Sunday, August 16, 2015

Week 4, Friday - Potato Salad and Coconut Banana Muffins

Today was good - it's a bit of a blur now - there were several children working with me in the kitchen and many others asking at the window if they could help.  I felt very guilty saying no! I can only really have a few in at time or it gets manic in there and we are always on a deadline to get the food out to the people!

We got cut the potatoes to size this morning and quickly got them on the boil.  We were chopping up lots of vegetables again - what has been left in the fridge since Monday - a broccoli head, 2 punnets of cherry tomatoes, carrots, cucumber and some coriander leaves from the garden.







After the potatoes had boiled enough we drained them and left them to cool.  After they had cooled down, we added the vegetables and Plamil mayonnaise - egg and dairy free AND tastes amazing - and added salt to taste!  We stirred it all up and put it in the fridge for a while.

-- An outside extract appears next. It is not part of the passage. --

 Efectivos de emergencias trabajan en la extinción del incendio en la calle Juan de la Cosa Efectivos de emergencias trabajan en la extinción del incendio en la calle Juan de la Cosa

Meanwhile, we whipped up the coconut cream to a thick consistency and within 5 minutes it was all runny and thin again.  Well... what to do with that?!  I think it was because it was too hot in the kitchen.  We decided to make banana muffins using the coconut milk as we also had a surplus of them in the freezer.


Potato Salad
1 head of broccoli - cut into small florets
2 punnets of cherry tomatoes - quartered
half a cucumber - diced
3 carrots - grated
a small handful of coriander leaves - finely shredded
5 baking potatoes - cut into bite-size pieces
2 tbsp Plamil's egg free mayo
Salt to taste

Makes a lot!



Coconut Banana Muffins

4 ripe bananas - mashed
2 cups flour
1/2 cup sugar
1/2 tsp baking powder
1/2 tsp baking soda
1 tbsp vanilla
1/2 cup coconut milk
1 tbsp vinegar
1/2 cup dairy free margarine - I used Vitalite


Coconut milk and vinegar in a cup to curdle.  Mix everything else together.  After the coconut milk and vinegar have been standing for about 10 minutes, add it to the mixture and stir in.  Put a heaped tablespoon of mixture into each muffin holder and cook in a preheated oven at 180 degrees Celsius for 15 minutes.  Done and delicious!

We made two batches and cut them in half as there were so many people today, so that everyone could have a bit.